Data extract:
___
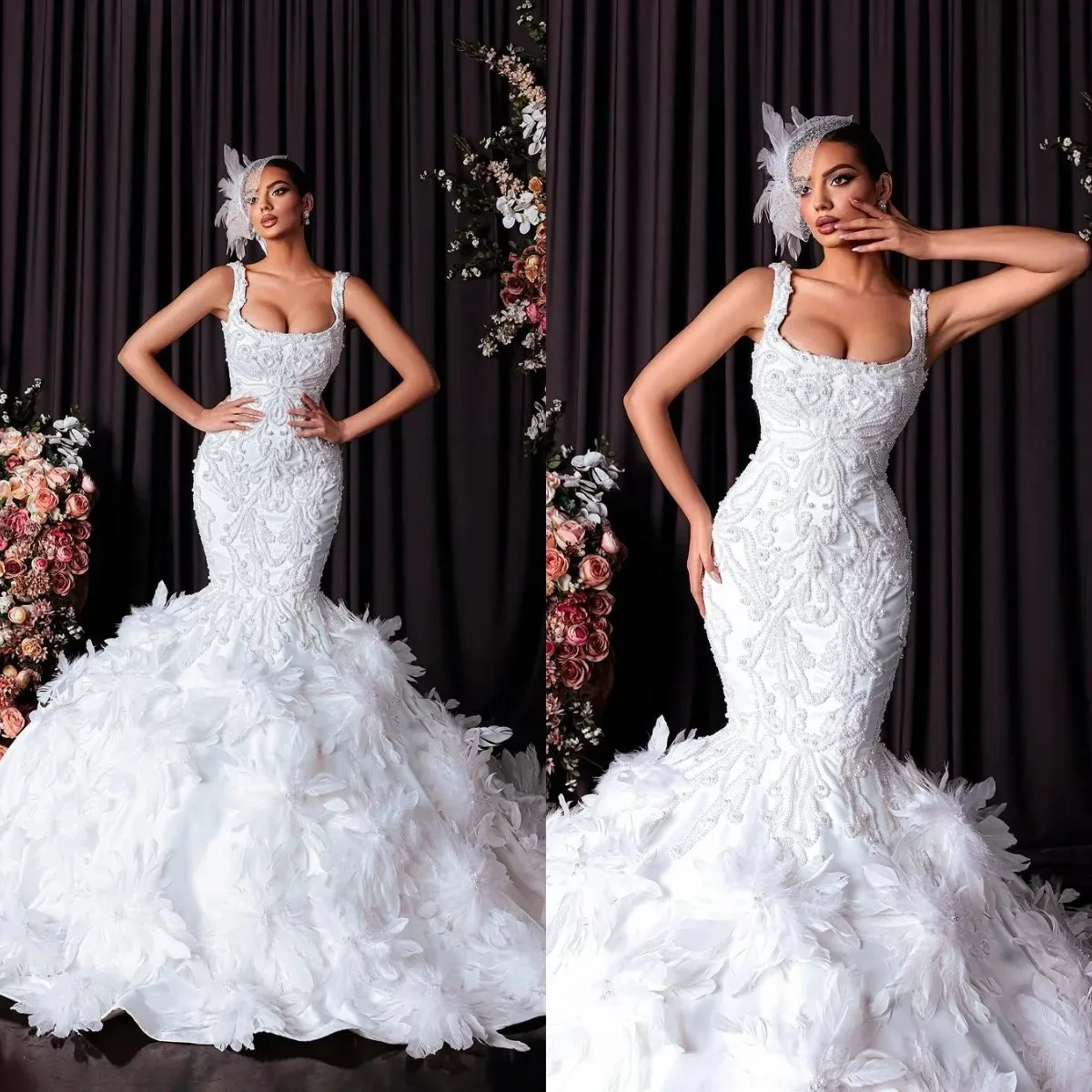 

Custom Luxury Mermaid Wedding Dresses Pearls Sleeveless Backless Bridal Gowns Custom Made Ruffles Hollow Back Vestidos De Novia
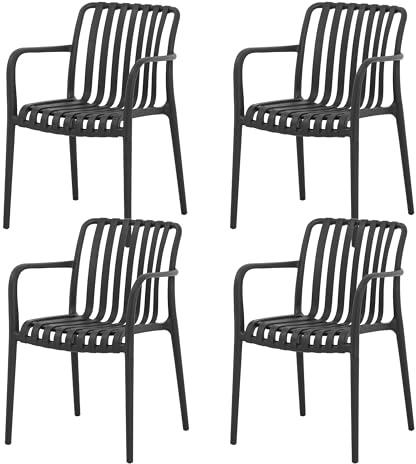 SUN TIME Design Gartenstühle 2er Set, Elegante Stapelstühle in Schwarz, ergonomische Esszimmerstühle aus hochwertigem Kunststoff, wetterfeste Balkonstühle für Terrasse & Büro, Indoor & Outdoor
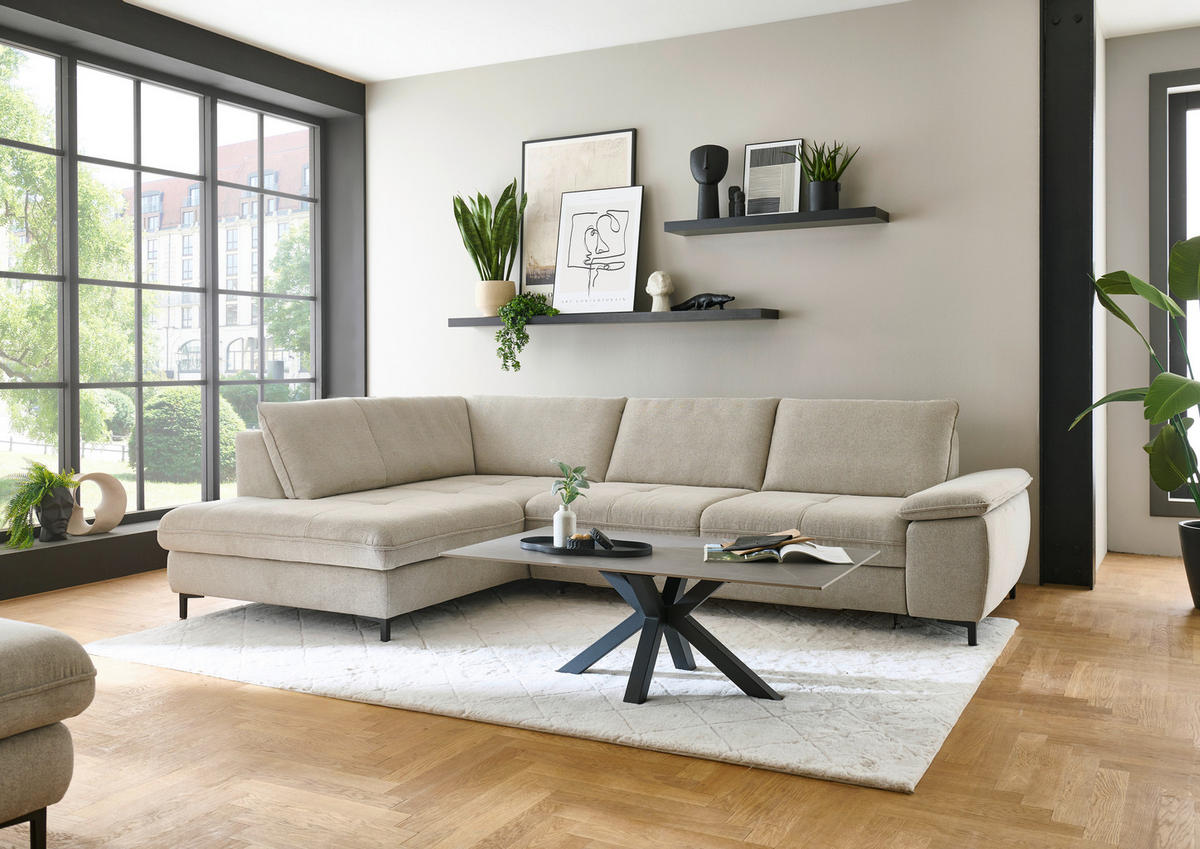 ECKSOFA  in Flachgewebe Sandfarben  214/308 cm  - Sandfarben/Schwarz, Design, Textil/Metall (214/308cm) - Beldomo Speed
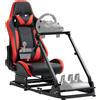 Zootopo Supporto Per Volante Da Corsa Simulator Cockpit Con Sedile Rosso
___
Assignment: Transcribe, without alteration, each line from the one with "- Beldomo Speed" through the last line of the data; no pictures belong in the copy.

Result for this exercise:
 ECKSOFA  in Flachgewebe Sandfarben  214/308 cm  - Sandfarben/Schwarz, Design, Textil/Metall (214/308cm) - Beldomo Speed
 Zootopo Supporto Per Volante Da Corsa Simulator Cockpit Con Sedile Rosso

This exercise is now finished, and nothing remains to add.